(Collected data)
****
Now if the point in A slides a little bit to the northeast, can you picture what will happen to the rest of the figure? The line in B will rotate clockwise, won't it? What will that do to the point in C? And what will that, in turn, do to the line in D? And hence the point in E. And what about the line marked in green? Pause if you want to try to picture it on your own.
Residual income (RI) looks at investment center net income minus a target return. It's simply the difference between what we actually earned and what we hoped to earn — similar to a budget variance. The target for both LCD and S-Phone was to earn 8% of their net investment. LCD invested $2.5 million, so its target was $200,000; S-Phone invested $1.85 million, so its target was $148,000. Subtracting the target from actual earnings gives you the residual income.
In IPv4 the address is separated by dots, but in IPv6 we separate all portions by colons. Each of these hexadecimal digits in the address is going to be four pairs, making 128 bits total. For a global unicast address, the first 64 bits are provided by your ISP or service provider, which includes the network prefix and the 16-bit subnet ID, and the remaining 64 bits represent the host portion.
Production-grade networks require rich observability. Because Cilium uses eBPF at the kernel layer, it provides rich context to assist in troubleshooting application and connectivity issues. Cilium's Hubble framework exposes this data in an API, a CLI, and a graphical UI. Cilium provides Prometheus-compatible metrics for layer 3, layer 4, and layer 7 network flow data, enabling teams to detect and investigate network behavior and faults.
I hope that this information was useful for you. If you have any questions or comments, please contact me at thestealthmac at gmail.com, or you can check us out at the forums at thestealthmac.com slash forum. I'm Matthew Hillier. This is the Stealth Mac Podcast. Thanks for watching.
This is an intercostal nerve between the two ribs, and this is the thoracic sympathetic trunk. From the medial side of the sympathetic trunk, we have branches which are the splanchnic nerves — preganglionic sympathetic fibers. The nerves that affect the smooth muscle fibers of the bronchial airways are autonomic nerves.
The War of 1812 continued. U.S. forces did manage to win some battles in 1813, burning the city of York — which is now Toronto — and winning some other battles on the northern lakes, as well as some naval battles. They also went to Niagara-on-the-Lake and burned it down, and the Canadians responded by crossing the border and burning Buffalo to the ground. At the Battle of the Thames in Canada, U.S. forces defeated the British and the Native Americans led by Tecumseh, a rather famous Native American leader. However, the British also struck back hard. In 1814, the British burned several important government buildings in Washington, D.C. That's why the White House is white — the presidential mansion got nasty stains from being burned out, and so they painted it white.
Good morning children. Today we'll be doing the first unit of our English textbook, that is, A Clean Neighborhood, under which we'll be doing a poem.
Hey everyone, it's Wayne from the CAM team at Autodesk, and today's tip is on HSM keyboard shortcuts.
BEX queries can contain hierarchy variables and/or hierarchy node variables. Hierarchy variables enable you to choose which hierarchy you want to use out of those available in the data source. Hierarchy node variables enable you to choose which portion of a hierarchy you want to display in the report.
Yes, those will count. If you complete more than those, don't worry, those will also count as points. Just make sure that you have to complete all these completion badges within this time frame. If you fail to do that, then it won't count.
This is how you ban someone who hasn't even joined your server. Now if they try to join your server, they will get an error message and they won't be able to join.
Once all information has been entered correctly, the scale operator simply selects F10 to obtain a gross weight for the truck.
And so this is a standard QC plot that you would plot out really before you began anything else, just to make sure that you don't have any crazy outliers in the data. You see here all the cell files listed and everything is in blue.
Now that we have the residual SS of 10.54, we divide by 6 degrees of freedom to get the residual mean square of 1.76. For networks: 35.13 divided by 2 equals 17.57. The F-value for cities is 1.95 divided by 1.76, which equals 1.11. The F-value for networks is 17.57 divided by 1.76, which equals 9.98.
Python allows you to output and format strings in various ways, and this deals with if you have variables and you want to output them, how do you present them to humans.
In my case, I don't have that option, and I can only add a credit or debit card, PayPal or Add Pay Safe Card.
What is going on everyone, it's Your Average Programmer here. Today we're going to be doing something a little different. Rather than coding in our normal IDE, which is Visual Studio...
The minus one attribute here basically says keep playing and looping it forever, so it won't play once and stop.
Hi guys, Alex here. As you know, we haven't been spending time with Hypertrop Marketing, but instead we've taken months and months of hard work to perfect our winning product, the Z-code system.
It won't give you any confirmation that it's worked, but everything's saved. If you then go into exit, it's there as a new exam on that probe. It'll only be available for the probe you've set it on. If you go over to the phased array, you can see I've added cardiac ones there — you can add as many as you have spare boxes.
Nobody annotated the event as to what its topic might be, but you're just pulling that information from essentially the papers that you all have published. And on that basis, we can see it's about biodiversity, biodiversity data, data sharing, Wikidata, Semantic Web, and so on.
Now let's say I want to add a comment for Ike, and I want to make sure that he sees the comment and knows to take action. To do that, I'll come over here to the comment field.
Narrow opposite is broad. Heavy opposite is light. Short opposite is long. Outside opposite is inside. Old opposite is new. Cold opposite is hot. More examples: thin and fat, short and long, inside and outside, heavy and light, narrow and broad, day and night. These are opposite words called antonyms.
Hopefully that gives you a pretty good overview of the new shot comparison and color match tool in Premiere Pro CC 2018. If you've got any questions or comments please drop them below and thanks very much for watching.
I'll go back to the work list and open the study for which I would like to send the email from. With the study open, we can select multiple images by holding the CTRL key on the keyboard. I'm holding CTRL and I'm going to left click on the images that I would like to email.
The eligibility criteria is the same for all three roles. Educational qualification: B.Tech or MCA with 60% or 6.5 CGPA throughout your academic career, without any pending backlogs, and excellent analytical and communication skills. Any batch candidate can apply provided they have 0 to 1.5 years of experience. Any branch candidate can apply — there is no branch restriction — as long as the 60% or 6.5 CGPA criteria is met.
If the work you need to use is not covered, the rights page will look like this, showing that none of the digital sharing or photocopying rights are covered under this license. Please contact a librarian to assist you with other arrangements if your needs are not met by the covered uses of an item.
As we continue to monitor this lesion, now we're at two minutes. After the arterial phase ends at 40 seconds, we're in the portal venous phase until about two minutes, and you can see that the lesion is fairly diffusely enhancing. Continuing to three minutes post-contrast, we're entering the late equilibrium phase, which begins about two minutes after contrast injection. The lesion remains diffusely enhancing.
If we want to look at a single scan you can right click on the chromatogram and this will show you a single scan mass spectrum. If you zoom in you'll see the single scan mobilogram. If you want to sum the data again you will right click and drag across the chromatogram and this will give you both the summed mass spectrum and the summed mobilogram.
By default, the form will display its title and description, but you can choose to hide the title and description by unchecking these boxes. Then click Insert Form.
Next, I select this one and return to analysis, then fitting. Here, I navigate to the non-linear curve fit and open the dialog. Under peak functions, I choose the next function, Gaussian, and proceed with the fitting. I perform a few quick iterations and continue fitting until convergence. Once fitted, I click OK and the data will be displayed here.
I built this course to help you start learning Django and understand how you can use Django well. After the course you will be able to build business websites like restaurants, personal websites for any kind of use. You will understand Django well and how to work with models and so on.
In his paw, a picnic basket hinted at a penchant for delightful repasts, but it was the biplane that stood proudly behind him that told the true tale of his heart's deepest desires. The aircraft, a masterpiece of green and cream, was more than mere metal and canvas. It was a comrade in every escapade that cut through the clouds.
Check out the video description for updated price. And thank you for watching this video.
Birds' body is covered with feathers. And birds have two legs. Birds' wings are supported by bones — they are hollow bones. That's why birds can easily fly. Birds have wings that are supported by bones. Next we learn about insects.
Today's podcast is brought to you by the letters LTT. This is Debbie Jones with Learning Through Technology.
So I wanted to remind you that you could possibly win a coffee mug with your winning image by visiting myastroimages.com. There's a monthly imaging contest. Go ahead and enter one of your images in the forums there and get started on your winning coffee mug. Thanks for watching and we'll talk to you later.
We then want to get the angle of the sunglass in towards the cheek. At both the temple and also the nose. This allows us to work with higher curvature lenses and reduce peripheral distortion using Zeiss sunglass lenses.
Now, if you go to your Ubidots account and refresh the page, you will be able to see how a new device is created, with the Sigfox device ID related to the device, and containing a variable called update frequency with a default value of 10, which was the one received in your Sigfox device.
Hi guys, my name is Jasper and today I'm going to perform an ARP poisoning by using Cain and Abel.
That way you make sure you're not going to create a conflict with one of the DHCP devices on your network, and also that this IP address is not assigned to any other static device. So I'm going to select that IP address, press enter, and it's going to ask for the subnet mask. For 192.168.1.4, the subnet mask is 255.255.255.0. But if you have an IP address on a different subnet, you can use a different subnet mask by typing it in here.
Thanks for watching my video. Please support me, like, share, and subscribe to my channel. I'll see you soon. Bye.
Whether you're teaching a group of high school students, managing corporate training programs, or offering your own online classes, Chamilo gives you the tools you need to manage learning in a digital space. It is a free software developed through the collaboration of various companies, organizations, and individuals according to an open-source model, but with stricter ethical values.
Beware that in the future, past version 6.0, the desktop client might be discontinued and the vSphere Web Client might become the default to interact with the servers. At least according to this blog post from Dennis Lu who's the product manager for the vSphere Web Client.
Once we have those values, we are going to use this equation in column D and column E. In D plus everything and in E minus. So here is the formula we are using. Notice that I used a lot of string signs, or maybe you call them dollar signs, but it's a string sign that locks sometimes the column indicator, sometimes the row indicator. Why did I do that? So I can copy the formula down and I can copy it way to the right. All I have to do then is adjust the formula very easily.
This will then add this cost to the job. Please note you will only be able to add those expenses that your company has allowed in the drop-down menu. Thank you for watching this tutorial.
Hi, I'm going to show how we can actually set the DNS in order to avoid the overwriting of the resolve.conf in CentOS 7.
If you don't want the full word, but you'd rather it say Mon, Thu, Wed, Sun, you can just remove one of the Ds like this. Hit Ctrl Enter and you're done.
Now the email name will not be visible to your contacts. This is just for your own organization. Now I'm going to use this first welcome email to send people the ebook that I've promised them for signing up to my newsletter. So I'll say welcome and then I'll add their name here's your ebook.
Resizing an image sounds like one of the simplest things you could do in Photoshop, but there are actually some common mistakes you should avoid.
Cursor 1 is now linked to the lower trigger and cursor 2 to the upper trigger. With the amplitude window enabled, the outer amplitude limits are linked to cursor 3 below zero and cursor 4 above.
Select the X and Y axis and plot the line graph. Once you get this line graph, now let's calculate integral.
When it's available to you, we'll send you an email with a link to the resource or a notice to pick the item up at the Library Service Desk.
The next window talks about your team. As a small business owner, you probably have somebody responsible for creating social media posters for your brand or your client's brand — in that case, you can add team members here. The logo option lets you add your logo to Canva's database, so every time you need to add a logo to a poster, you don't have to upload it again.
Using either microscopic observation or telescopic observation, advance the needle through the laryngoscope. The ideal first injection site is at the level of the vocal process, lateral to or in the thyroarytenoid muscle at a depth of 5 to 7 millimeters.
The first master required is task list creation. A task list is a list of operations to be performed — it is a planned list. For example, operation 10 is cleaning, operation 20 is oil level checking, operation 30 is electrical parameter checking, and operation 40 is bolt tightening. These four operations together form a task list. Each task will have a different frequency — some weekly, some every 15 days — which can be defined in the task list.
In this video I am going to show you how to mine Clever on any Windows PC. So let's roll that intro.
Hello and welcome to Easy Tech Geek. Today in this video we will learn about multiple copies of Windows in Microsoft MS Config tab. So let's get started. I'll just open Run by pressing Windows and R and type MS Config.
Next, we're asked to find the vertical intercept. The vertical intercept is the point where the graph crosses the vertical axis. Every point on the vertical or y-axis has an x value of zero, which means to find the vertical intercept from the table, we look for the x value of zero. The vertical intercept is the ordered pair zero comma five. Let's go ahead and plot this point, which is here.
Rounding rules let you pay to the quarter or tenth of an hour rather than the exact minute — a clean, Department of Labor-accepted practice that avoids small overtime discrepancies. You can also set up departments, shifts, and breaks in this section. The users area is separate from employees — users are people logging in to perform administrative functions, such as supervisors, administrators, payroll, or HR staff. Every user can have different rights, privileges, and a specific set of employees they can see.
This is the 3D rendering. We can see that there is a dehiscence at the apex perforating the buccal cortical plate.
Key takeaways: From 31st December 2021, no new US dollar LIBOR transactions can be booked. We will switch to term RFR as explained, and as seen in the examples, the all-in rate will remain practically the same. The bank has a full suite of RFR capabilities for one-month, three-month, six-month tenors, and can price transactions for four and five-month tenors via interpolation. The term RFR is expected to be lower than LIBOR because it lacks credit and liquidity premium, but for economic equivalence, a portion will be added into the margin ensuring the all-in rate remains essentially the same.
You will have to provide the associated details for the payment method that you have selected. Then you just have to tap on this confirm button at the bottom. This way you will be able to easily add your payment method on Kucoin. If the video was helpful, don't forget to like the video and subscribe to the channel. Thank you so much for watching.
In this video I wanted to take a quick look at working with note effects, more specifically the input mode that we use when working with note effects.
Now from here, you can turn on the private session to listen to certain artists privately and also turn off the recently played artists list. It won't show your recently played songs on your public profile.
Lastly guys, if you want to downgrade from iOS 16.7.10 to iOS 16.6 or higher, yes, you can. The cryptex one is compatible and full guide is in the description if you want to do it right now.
****
▶ REQUIRED ACTION
Looking at the entries above, find how many lines include the word "information" and write that number alone.

▶ ANSWER SECTION
3